OMG, just stop already. Don't make me come in there.
lydamorehouse: (more renji art)
So, that means that I've posted Tate's latest installment. It's sexy times again... because Alex and Valentine have rushed back to Robert's house to try to play at a little B&D. And... let's just say Alex is not very EXPERT at the whole dom thing....

http://www.wattpad.com/49931265-unjust-cause-part-8-of-tops-and-bottoms

Because you know what? It's not all 69 Shades of Awesome. I don't know about you, but I'm lucky to be able to THINK during sex, much less plan out how to get someone tied to the bed. And, part of the fun of this particular experiment in self-publishing is that I get to write sex the way I want. I'm personally very fond of silly, vaguely-awkward, (more like my real life experiences) sex. I mean, I still hope, one day, to write the super-hot, yet not, scene in which the cat interrupts the sexy times, because YOU KNOW you've had that happen, and far too often we don't celebrate that stuff for the wonderfulness that it truly is.

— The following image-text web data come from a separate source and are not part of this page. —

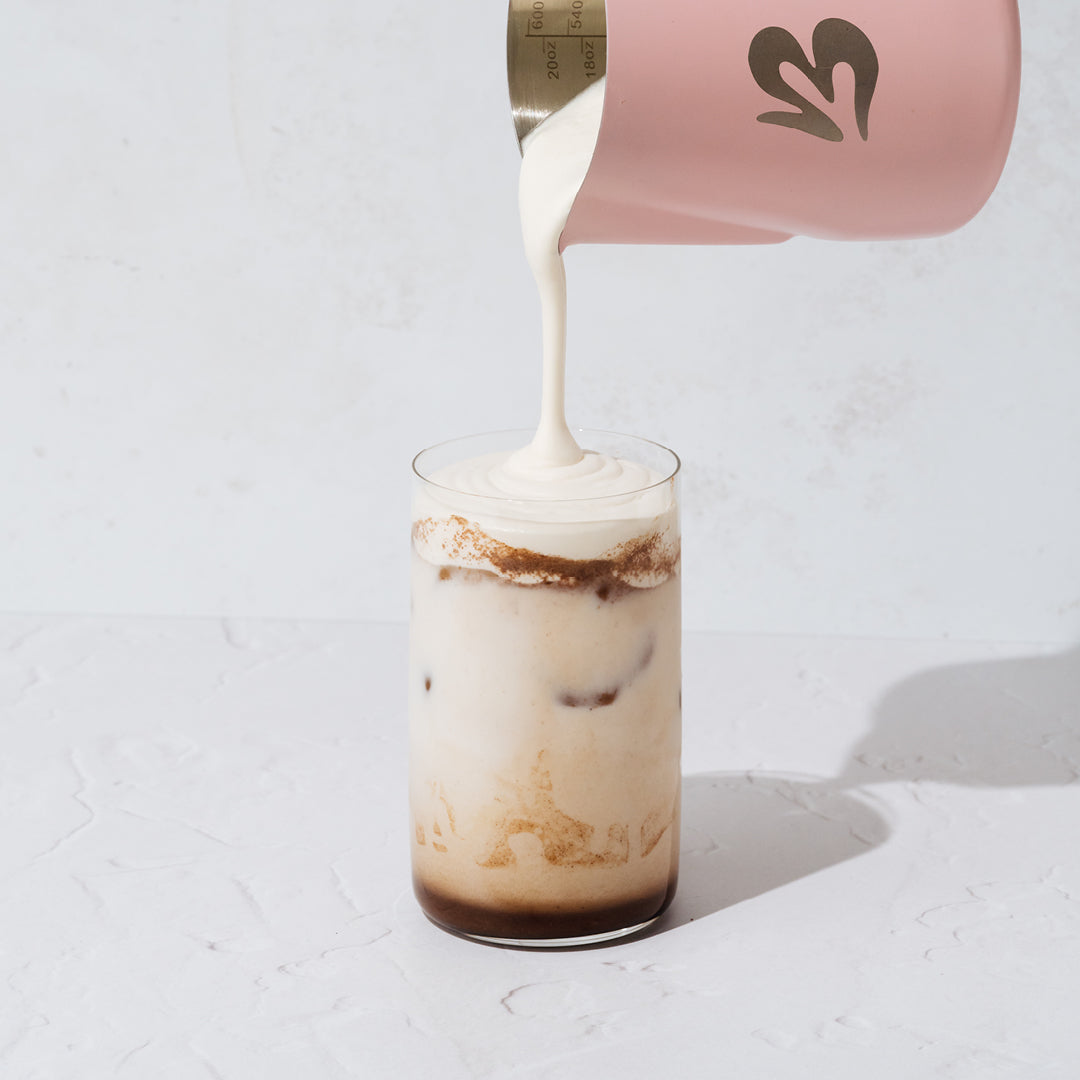 Salted Honey Pumpkin Spice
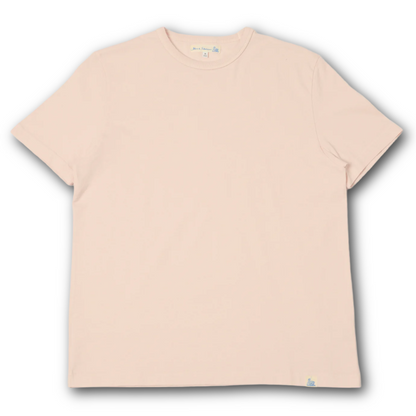 MERZ B. SCHWANEN - Classic Cotton Jersey T-shirt- Shell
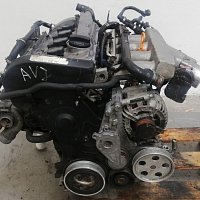 06B 103 101 H blok valcu s pisty Motor Audi A4 B6 8E 2001 AVANT AVJ - 2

Plus, I queered things up some. Not just by queering the dom/sub status of the traditional male/female (which I ultimately don't do in this one, but which I plan to by the end of this story), but also when Valentine is talking about this former lover, who is a phoenix. This person is reborn presenting as different gender with each fiery rebirth, but Valentine is VERY ADAMANT that Jin never CHANGES gender, just presents differently.

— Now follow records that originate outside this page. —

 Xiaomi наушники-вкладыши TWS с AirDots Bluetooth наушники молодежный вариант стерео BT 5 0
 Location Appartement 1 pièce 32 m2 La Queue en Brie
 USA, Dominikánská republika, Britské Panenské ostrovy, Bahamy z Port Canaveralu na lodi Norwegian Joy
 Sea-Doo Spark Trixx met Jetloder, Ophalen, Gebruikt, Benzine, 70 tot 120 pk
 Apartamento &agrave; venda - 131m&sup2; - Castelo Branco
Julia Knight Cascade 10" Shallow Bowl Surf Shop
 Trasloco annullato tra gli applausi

This is very important to me.

I suspect, if I were still being traditionally published, this would be one of those things I would have fought with my publisher about, and more likely than not, eventually capitulated on. To this day, I'm bummed that I gave up the fight for Matyas' queerness in the Garnet Lacey series. In the book in which Garnet gains the power to see people's inner gods and goddesses, I'd wanted Matyas to have a goddess inside. It wasn't going to change anything about him, not one thing, but I got a very firm 'NO. IT IS NOT DONE.' Boys had to have gods, and girls had to have goddesses, full stop. I THINK I managed to have a waiter in Paris who had a goddess, but that was okay because he was just a throw away character. Because GOD FORBID someone people liked be just-so-very-slightly-hinted at having queerness of any kind!! Dude was sleeping with a girl at the time, even. Though one, I might add, who wore sensible shoes and had a dog, but we won't talk about how CLEARLY I WAS SIGNALING HER QUEERNESS. (This was Izzy. In my head she was a butch bi-woman.)

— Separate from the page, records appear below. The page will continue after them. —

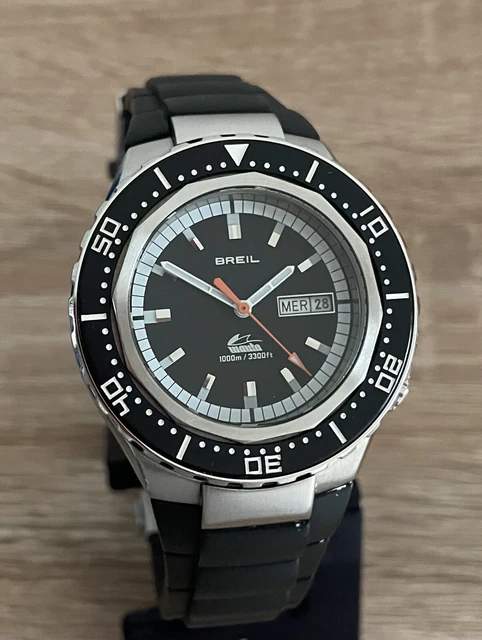 Breil Manta 1000 Metri Automatico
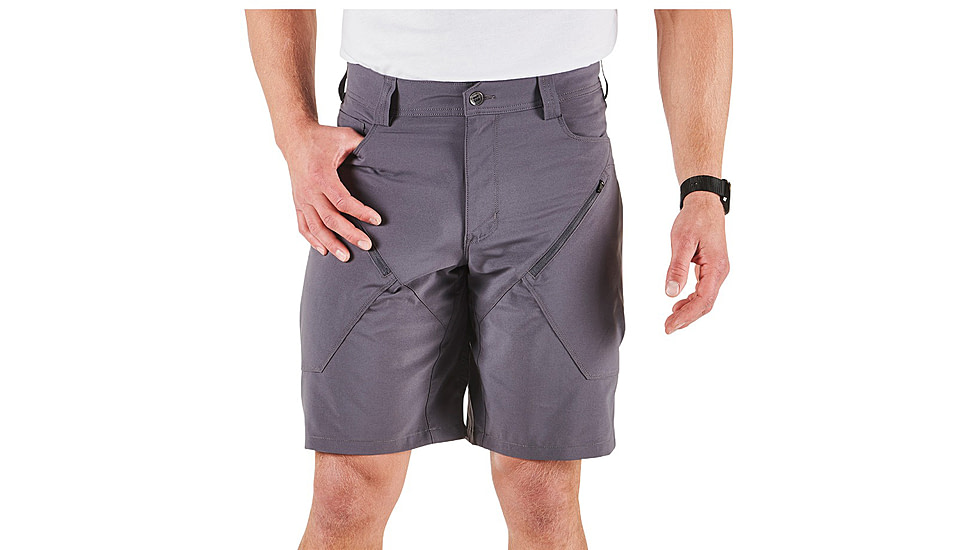 5.11 Tactical Stealth 10.5 Short, Flint - 73346-258-35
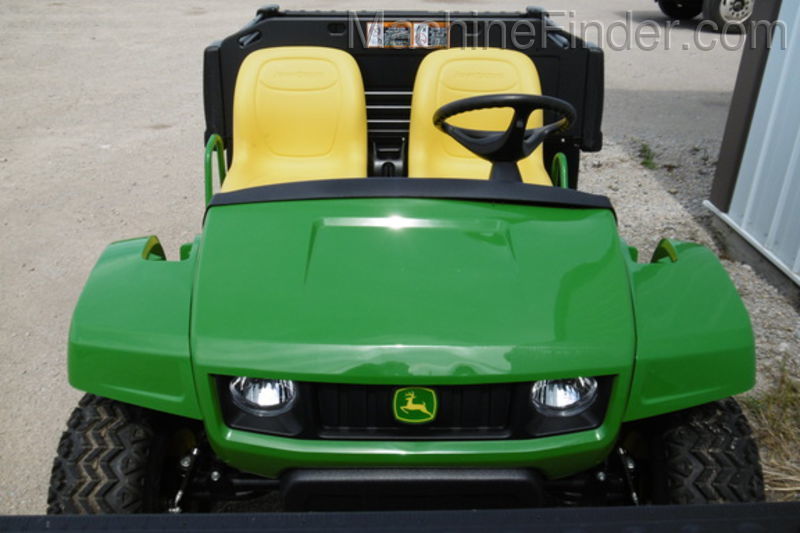 2020 John Deere TX Image 9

Not that I have FEELINGS for REASONS.

Sometimes it's so very hard to remember that it was science fiction that taught me the radical notion that you can't judge who you'll love by your lover. A story written by Theodore Sturgeon in 1953 called 'A World Well Lost' was my very first exposure to a sympathetic queer character. I found much more relatable men and women in Elizabeth A. Lynn's books, and, a lifesaver, given that I grew up int the 1970s in a smallish town (though to be fair to LaCrosse, there was at least one gay bar, and my father had an out lesbian colleague at his Catholic college.)

And I did write queerness into my science fiction, rather blatantly. It was just less okay in romance. I will say, this is why I tended to capitulate on fights about this stuff. I mean, I always felt I was trespassing into a foreign land, anyway. (As some of you know, I was lucky to remember to include certain bits of male anatomy.)

Anyway, it's nice to be able to stretch a bit in this. Of course, now we have to see how it goes over with "my public."